Legislature drives home some good points
Excerpted from The (Albany) Democrat-Herald
Maybe you've noticed this as well, but it seems as if every time the Legislature meets, it spends more time than it should pondering the way that the rest of us drive.
This is likely a result of all the time legislators spend on the road between Salem and their homes, and we should emphasize before we continue that we're sympathetic to these road warriors.
The logical result is that every legislative session gets filled with proposals likely meant, in some way, to show these idiot drivers on the road how things should be done.
This year's session also has included a variety of measures meant to change the way we drive.
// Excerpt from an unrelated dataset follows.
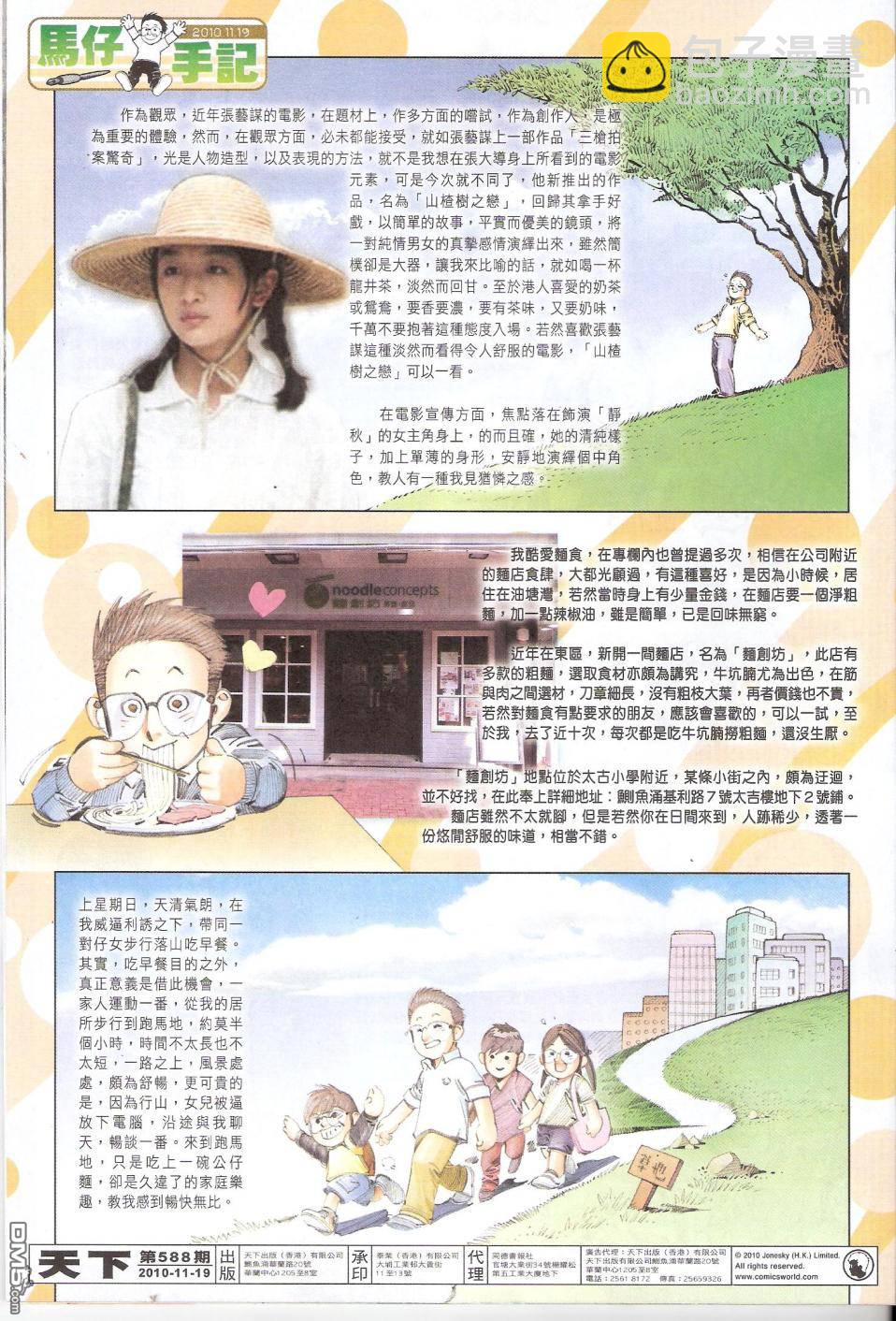 第588卷32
But the surprising thing is that some of these measures survived the cut and are headed to Gov. Kate Brown. And the real surprise is this: They're worthy of support.
The Legislature last week backed a bill that would raise the speed limits from 55 to 65 mph outside the city limits in Central and Eastern Oregon. Interstate 84 from The Dalles to Idaho would rise to 70 mph, as would all of U.S. 95 in Oregon's southeast corridor. These changes are overdue. Anyone who's spent any time driving on the eastern reaches of Interstate 84 knows the experience of counting the minutes until you leave Oregon so that you can speed up just a bit.
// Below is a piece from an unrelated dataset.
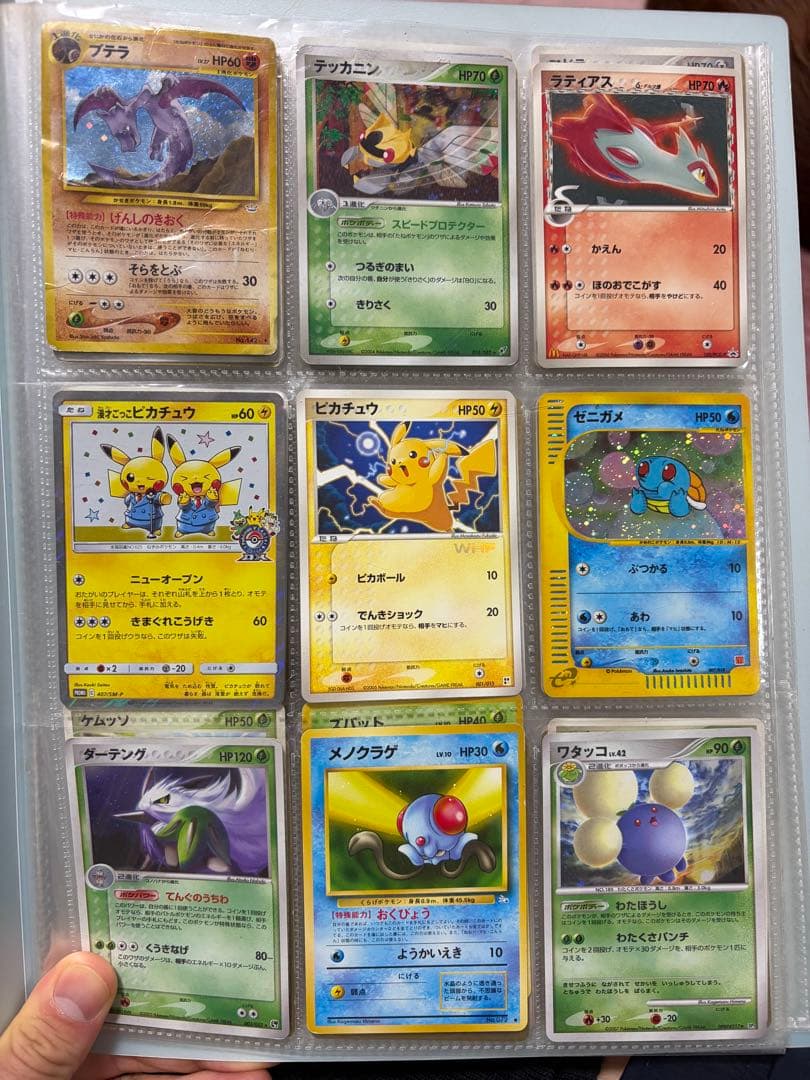 [旧裏][プロモ][マックプロモ]ポケモンカードまとめ売り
The Legislature also backed a bill that allows self-service gasoline late at night in counties with no more than 40,000 residents. The idea is to allow motorists low on fuel in lightly populated areas the chance to get gas without waiting for a station to open.
But legislators wisely shot down a bill that would have designated the left lane on four-lane highways as a passing lane. These slowpokes in the left lane are annoying, to be sure, but it still seems extreme to label their behavior illegal.